İSTANBUL- TÜRSAB Başkanı Başaran Ulusoy'un, diğer adaylara yönelik sarf ettiği cümlenin, Anadolu kültüründe ağır hakaret olarak kabul edildiğini söyleyen TÜRSAB Denetim Kurulu Üyesi Elazığ Gülnar Turizm ve Akar Oteli'nin sahibi Cuma Gülnar, görevinden istifa etti. Seçim yarışında yaşanan rekabetin etik sınırlar içinde kalması gerektiğini savunan Cuma Gülnar, "Seçim rekabetinin 'adamlıkla' alakalandırılması beni fevkalade rahatsız etti" dedi.
"Verdiğimiz sözleri yerine getiremedik"
Başaran Ulusoy'un bir önceki seçimdeki vaatlerini de yerine getirmediğini hatırlatan Cuma Gülnar, "İnsanlara verdiğimiz sözleri yerine getiremedik. 20. senesine girmiş bir yönetim var. Hiç bir şey yapmayarak, aynı vaatlerde bulunularak, bu işin sürdürülmeye çalışılmasını doğru bulmuyorum" dedi.
"Onunla aynı şeyi düşünmeyenler adamlıklarını mı yitirir?"
Başaran Ulusoy'un kullandığı üslubu yakışıksız bulduğunu dile getiren Cuma Gülnar sözlerine şöyle devam etti: "Adamlık ölçüsü neye göre belirlenir? Sadece yanımızdakiler mi adamdır? Onunla aynı şeyi düşünmeyenler adamlıklarını mı yitirir?".

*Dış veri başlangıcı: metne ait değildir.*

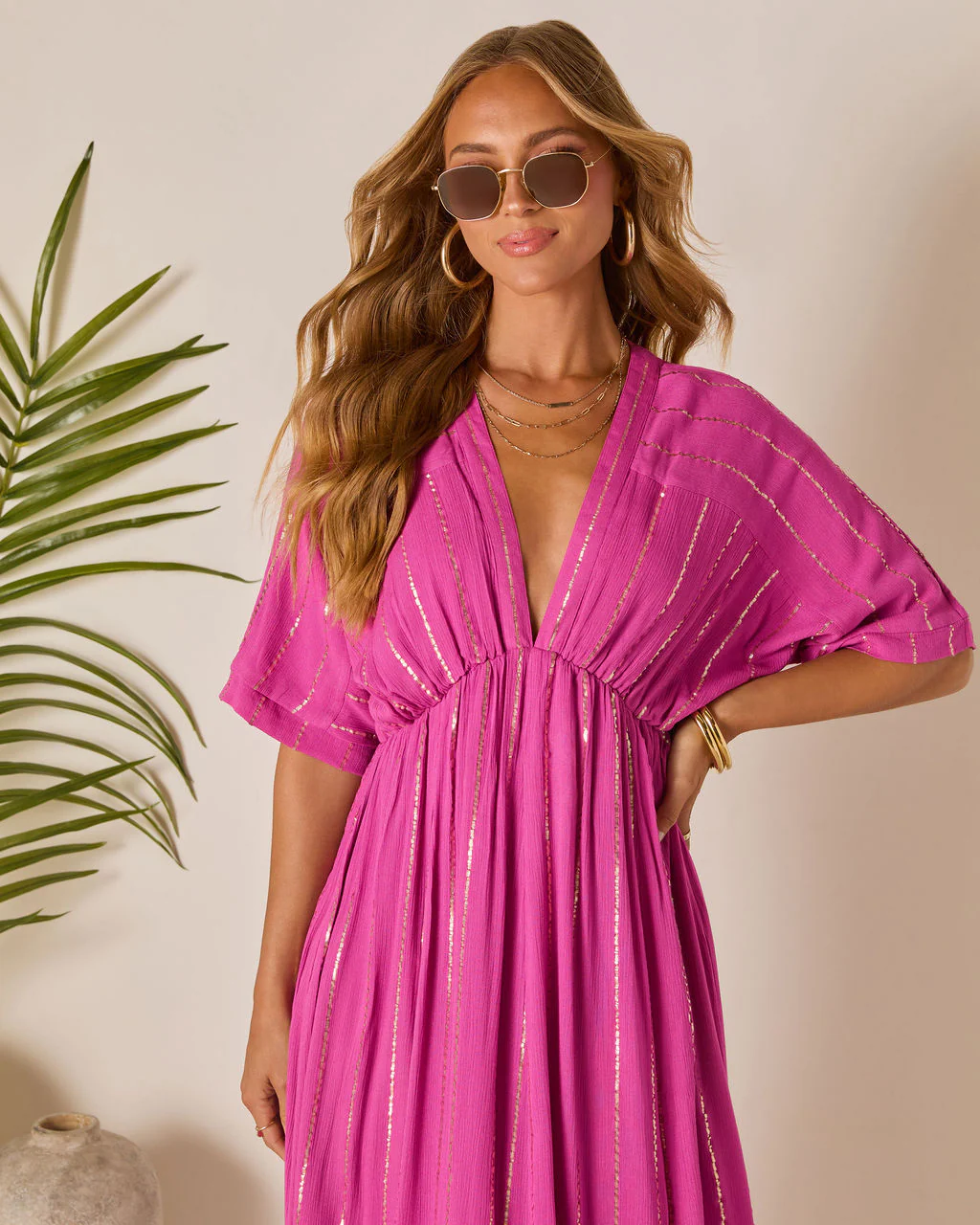 Haylee Flowy Metallic Stitch Midi Dress - Image 8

"Kendime yakıştıramadığım için istifa ettim"
Söz konusu ifadenin Anadolu kültüründe ağır bir ifade olduğuna dikkat çeken Cuma Gülnar: "Bizim yetiştiğimiz kültürde bu tür ifadeler büyük ayıp olarak kabul edilir. Bu tarz ifadeleri, bırakın yönetime talip olan arkadaşlara, hiçbir meslektaşım için kullanılmasını doğru bulmam. Böyle bir yönetim anlayışının içinde bulunmayı kendime yakıştıramadığım için görevimden istifa ediyorum" dedi.

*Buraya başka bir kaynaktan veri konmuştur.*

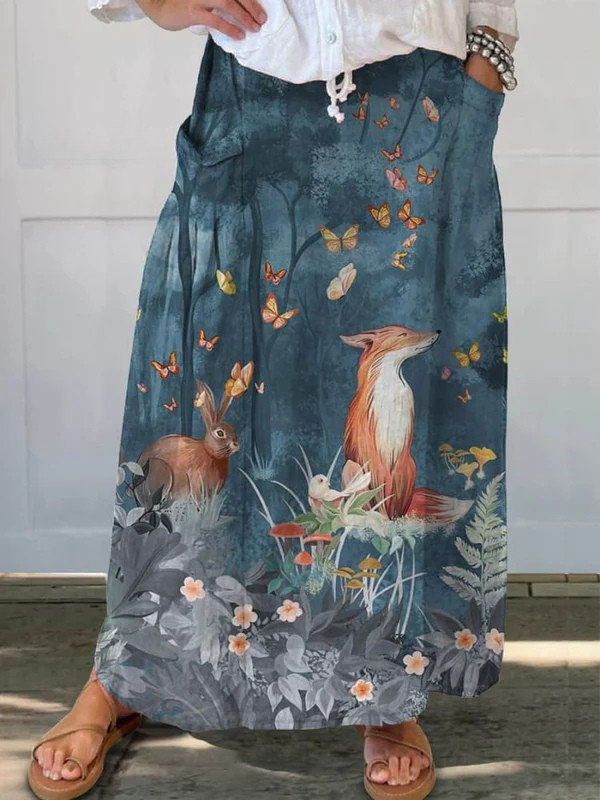 Mia | Women's Vintage Floral Animals Art Print Casual Pocket Skirt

YANLIŞTAN BİZİ SORUMLU TUTMALILAR
Cemal Gülnar Elazığ Fırat Gazetesi’ne verdiği röportajda “Turizm ile alakalı biz elimizden gelen her şeyi yapmak isteriz. Her zaman için söylemek istediğimiz birlikteliktir. Doğru insanlarla bir araya gelinirse biz bu şehre turist getirebileceğimizi iddia ediyoruz. Ama yapılan yanlıştan bizleri sorumlu tutmamalıdırlar” demişti
Cemal Gülnar’ın gazetede yayınlanan sözleri şöyle:
“Eğer dışarıdan turist çekmek istiyorsak Öncelikle dışarıda ürünümüzü satmak gerekiyor. Dışarıda sizin bir ürününüz satılmıyorsa kimse sizi tanımaz. Yetkililer bizim görüşlerimize illaki önem veriyorlar. Bu anlamda biz yetkililerle daha çok içli dışlı olmamız lazım. Süreç içerisinde birlikte çalışmazsak arz talep dengesizliği milli sermayemizi boşa götürecektir. Yani arz talep meselesi dikkate alınmadan açılan her işletme bir milli sermayedir. Bu da milli sermayeyi heba etmek olur. Yetkililer yanımızdalar fakat herkesin kendi sesi kadar yanındalar. Bir araya getirilip koordineli hareket ettirilirse hem şehrin bir dinamiği oluşur, hem de profesyonellik gelir. Yetkililerden bu konuda bir beklentimiz var. Hepimizin birlikte çalışmasını sağlamaları gerekir. Ciddi anlamda herkesten beklentimiz bir araya gelelim. Milli sermayemiz olduğu için bu sermayeyi devlet büyüklerimiz kontrol etsin. İnsanlar kontrolsüz olarak bazı işlere yatırım yapıyorlar. Daha kontrollü yatırım yapılmaları sağlanmalı. Yapacakları yatırımlar devlet kontrolünde olsun. Devlet bunlara hisse versin. Daha büyük işlere küçük sermayelerle ortak edilebilsin. Eğer bugün ki işlere insanlar kendi sermayesini birleştiremiyorsa devlet kendisi bu işin başını çeksin. Şirketleri yönetecek ekipler oluştursun. Bu şeffaf şirketler üzerinden halkın yatırım yapabileceği, iş kollarının oluşabileceği, endüstriyi geliştirebilecek ve sanayi geliştirebilecek yeni atılımlar yapabilecek bir şeylere yönlendirmelidir. Turizm ile alakalı biz elimizden gelen her şeyi yapmak isteriz. Her zaman için söylemek istediğimiz birlikteliktir. Doğru insanlarla bir araya gelinirse biz bu şehre turist getirebileceğimizi iddia ediyoruz. Ama yapılan yanlıştan bizleri sorumlu tutmamalıdırlar.”